- [Input data]:

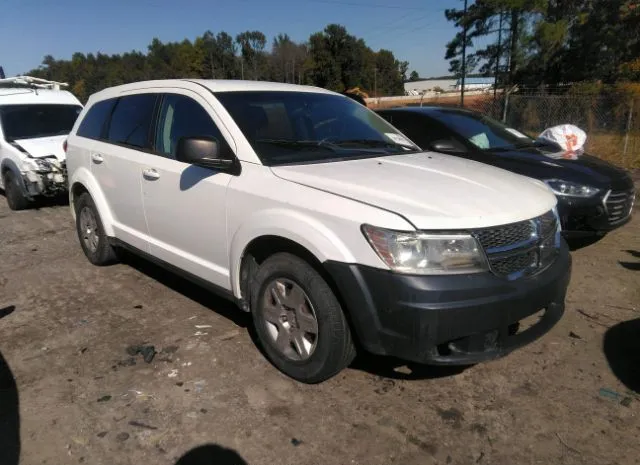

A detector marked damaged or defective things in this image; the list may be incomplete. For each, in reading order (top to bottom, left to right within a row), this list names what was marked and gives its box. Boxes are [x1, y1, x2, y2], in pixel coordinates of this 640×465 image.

white damaged car [0, 76, 82, 210]
crumpled front end [21, 157, 67, 197]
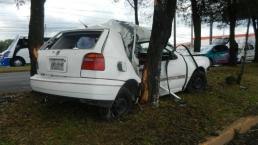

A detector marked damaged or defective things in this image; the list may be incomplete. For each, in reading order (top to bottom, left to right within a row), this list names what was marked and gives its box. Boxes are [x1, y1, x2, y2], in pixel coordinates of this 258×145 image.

crashed vehicle [30, 19, 210, 118]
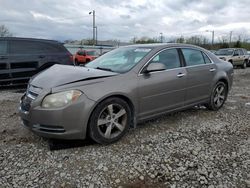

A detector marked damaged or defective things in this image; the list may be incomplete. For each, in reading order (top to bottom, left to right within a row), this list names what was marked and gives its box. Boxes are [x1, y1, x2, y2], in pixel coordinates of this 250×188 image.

damaged sedan [18, 44, 233, 144]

- [Directions]:
Once you find the line containing "this 250×188 image.", copy it and every line after it through the end of the records, exactly as they stand.

- [Exercise output]:
A detector marked damaged or defective things in this image; the list may be incomplete. For each, in reading order (top to bottom, left to right within a row), this list names what was marked and gives its box. Boxes are [x1, y1, x2, y2], in pixel coordinates of this 250×188 image.

damaged sedan [18, 44, 233, 144]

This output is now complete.